If visualising your film means the picture you see in your minds eye from reading the script, you need this book. If, like me, you are not a tech-head and the thought of aspect ratios and their post implications is a mystery and you would not know a "B" winding from a pepper fresnel, this ones for you.
Billed as the authoritative guide to filmmaking from fundraising to distribution, the book achieves this in clear, accessible language using current up-to date information. Unusually for an American publication, it recognises that theres a big wide world outside the US of A, where films are also made and where sometimes things are done a differently.

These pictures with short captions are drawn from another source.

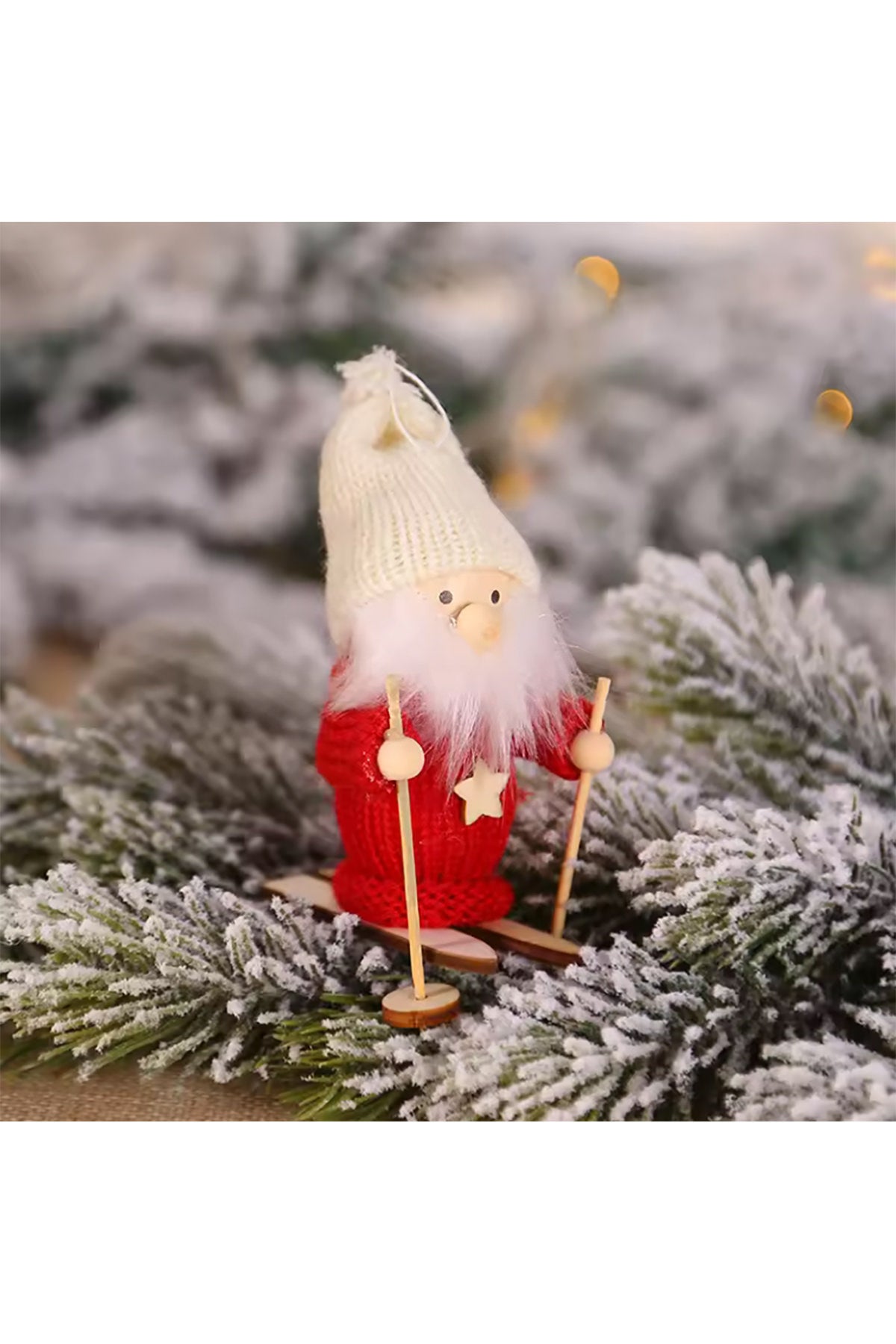 Weihnachtsfigur Skifahrer | 5 Designs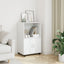 rullebord 55x40x91 cm konstrueret træ hvid
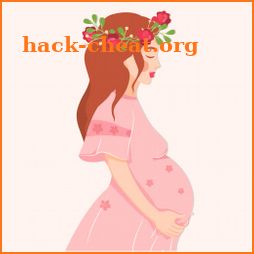 Pregnancy calculator, symptoms, signs, calendar icon
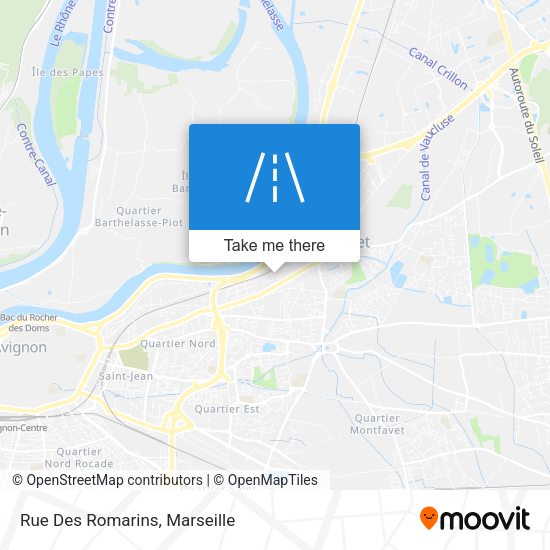 Rue Des Romarins map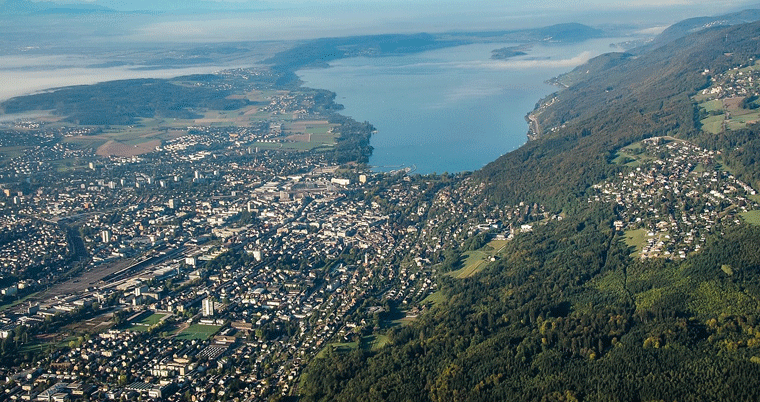 Biel Bienne Stadt Bielersee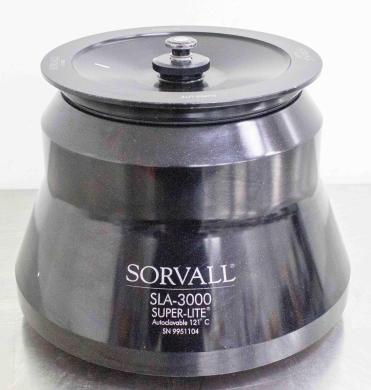 Sorvall SLA-3000 Fixed Angle Autoclavable Centrifuge Rotor 6x500ml 12,000 RPM-cover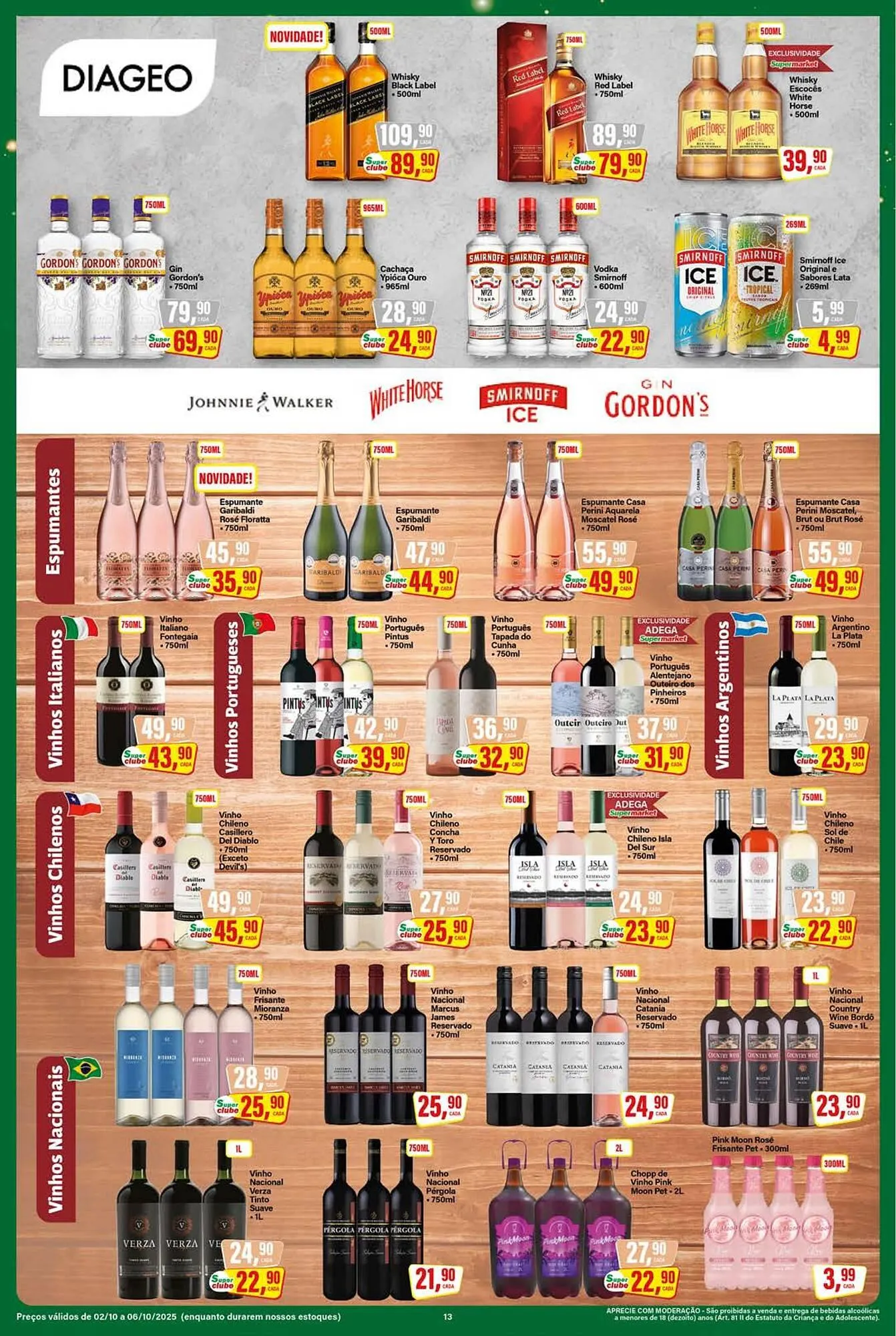 Encarte de Encarte Rede Supermarket 2 de outubro até 6 de outubro 2025 - Pagina 13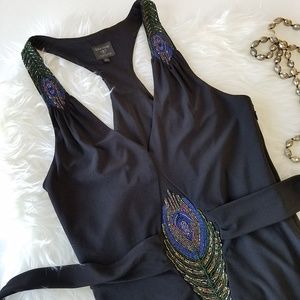 topshop peacock dress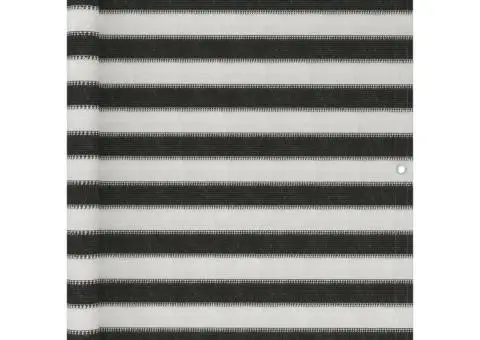 Paravan pentru balcon, antracit și alb, 120 x 300 cm, HDPE - 1/5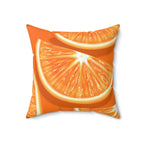 Orange Citrus Square Pillow Home Decor Pink Sweetheart
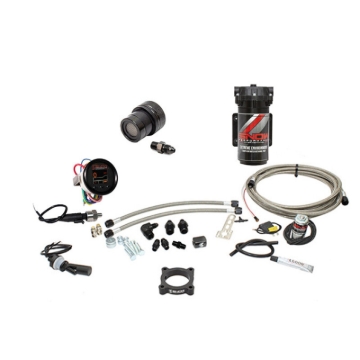 Picture of Snow Performance 13-18 Ford Focus ST Stg 2 Boost Cooler Water Inj Kit (SS Braided Line/4AN) w/o Tank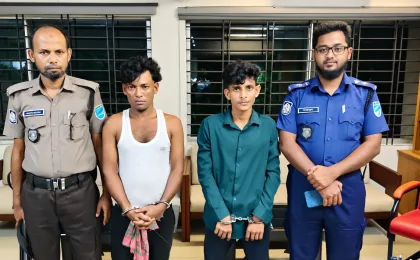গোপালগঞ্জে টুংঙ্গীপাড়া মাদক সেবনের দায়ে দুই যুবকের কারাদণ্ড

Thats a good indicator of the meticulous research and clear thinking that has gone into this publication and why it has a 20-year history as a filmmaker resource.
Its clear the authors are practitioners; Steven Ascher is an award winning filmmaker, a Harvard graduate who taught filmmaking at the Massachusetts Institute of Technology. The MIT film section was founded by Edward Pincus, a pioneer of the personal documentary, who taught filmmaking there and at Harvard.
Each of the eighteen chapters is a detailed guide to one aspect of film production, from camera to film image, through picture, dialogue and sound editing to a full exposition of what goes on in film labs and why. Each specialist chapter is a handbook in itself, with explanatory diagrams, photos and sketches that support the text and put it in a physical context for clear understanding. Nine short appendices form instant guides in a number of useful areas, easily accessible at the back of the book; to check on running times of different formats, synchronising rushes, cement splicing, splitting 16 and 35mm mag tracks prior to the mix and with quick reference depth-of-field and focal length tables included. A handy bibliography, a list of must-visit film websites are included and the index makes everything easy to find.
It is easy to see why a book like this has been a standard text in so many film schools. Hands-on learning will teach anyone the "hows" of shooting quickly, what it cant teach successfully is the "whys". That is the void this handbook fills. This latest edition brings the handbook up to speed, with a guide to the different tape to film transfer systems and recognising that more and more filmmakers are choosing to originate on video, theres a careful comparison of film formats from 8mm to IMAX and video formats from camcorders to HDTV.
This handbook is a gilt-edged investment for aspiring and beginning filmmakers and it would not be out of place in the libraries of experienced professionals either.